We wanted to see for ourselves. So we cloned the repository and ran the experiment 451 times across 15 random seeds on an NVIDIA H100 GPU through Google Colab (we had no extra neurons lying around to spare), with an additional 150 runs on a MacBook to confirm the pattern held across hardware. If you want to modify the code, you can take it for a spin here.
One caveat. This was a software-only test. Our runs isolate the software pipeline rather than a live neuron dish. But that is why the ablation result matters. If the decoder were secretly doing all the work, random or zeroed inputs should perform similarly. Instead, performance drops when structured signal is removed, which suggests the system is not simply a software policy masquerading as wetware.
We defined a breakthrough as any episode scoring above −600 reward, where −1,000 is the floor and positive scores are possible. The agent never killed anything in any mode; learning here means surviving longer and accumulating reward rather than combat. [That pattern is expected in early RL and wetware-style setups: survival gives dense, immediate feedback, while a kill requires a long, brittle action chain (find, aim, fire) with sparse reward. In that regime, policies often settle into a local minimum of “stay alive longer” (i.e. hiding in a corner) which raises reward without developing lethal combat behavior.]

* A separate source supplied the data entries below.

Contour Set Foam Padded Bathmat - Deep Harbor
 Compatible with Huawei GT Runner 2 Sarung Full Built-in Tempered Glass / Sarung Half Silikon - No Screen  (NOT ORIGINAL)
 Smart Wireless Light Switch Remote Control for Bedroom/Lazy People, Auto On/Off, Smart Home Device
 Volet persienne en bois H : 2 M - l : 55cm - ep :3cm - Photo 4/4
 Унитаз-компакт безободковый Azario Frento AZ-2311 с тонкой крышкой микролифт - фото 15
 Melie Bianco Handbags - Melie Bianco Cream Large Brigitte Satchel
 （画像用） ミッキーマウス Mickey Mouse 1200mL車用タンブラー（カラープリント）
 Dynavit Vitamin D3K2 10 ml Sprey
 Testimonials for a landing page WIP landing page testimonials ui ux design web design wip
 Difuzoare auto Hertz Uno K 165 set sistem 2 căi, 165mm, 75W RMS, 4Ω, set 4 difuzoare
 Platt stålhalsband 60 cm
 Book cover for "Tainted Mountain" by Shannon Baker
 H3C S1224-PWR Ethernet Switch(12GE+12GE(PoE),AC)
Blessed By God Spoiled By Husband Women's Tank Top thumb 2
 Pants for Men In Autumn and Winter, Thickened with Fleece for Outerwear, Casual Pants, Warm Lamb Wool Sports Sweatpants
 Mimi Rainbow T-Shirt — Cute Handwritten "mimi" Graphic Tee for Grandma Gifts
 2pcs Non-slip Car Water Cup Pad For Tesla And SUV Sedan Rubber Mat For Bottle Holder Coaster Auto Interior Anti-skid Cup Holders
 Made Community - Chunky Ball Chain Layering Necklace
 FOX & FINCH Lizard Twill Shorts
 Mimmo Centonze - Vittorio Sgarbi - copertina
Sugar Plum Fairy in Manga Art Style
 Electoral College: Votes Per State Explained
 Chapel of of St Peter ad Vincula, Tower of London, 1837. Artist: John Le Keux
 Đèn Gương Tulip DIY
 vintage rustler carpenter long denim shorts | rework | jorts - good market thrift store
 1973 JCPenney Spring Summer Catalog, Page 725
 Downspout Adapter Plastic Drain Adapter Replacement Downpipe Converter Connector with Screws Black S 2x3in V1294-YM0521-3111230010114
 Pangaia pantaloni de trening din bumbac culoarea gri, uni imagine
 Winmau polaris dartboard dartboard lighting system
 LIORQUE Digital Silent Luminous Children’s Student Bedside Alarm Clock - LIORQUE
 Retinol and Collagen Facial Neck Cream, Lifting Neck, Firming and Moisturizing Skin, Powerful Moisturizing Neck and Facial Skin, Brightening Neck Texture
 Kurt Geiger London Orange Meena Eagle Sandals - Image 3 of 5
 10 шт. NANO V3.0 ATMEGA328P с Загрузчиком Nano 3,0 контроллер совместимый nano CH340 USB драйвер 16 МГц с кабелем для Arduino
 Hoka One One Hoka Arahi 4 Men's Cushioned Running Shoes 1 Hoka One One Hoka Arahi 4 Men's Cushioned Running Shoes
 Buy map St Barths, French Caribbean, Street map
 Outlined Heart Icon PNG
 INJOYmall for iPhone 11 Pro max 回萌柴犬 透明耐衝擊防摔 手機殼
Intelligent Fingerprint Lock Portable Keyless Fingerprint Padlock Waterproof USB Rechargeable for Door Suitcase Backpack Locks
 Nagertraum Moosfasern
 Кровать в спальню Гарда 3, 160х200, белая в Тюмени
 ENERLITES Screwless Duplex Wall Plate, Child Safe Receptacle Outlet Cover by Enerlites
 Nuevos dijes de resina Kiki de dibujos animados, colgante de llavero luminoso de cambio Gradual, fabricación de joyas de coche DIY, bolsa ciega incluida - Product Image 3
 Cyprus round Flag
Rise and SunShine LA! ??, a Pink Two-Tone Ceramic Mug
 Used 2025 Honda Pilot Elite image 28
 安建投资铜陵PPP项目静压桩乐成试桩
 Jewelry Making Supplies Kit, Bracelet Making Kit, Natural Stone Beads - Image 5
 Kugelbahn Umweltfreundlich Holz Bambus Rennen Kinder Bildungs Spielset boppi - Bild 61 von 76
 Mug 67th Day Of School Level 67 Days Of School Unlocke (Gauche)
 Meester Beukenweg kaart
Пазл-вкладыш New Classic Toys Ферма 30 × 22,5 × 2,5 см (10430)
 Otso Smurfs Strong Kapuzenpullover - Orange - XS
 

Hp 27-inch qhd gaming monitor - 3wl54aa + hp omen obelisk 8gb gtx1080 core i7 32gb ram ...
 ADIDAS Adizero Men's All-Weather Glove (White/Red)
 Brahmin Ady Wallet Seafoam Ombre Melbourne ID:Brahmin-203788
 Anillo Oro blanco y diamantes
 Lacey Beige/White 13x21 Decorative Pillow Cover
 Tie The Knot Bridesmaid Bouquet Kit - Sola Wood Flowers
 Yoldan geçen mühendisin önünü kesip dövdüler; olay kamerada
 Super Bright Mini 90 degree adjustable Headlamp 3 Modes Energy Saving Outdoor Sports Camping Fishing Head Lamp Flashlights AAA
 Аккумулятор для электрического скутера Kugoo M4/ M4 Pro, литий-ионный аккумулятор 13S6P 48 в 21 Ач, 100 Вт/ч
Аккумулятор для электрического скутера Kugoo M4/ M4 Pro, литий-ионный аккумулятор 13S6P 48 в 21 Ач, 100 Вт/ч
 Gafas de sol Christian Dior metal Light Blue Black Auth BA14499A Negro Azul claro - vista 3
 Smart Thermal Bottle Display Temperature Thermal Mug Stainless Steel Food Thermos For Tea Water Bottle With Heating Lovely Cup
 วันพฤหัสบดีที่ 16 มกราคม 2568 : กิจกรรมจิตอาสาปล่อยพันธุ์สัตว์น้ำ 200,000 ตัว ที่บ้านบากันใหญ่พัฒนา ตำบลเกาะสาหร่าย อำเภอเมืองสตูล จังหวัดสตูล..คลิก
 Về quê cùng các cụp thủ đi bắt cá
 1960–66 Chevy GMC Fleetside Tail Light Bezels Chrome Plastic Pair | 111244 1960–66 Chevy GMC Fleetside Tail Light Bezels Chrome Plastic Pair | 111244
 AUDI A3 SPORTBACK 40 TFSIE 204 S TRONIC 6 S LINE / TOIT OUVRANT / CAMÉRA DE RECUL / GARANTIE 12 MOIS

With the neuron signal intact, the agent crossed that threshold in 27% of H100 episodes. Replace the signal with noise: 7%. Silence it entirely: 8%. The ceiling told the same story. The best intact-signal episode scored −100; the best random episode managed −330, and zero topped out at −380. On the MacBook, where the effect was even sharper, the intact signal produced the only positive score in the entire dataset: +160, while random never broke −600. The decoder alone wasn’t enough.
Across 451 Doom ablation episodes on an H100 GPU (15 seeds), intact signal (none) showed better upside than random or zero-signal controls, while all modes remained highly seed-sensitive.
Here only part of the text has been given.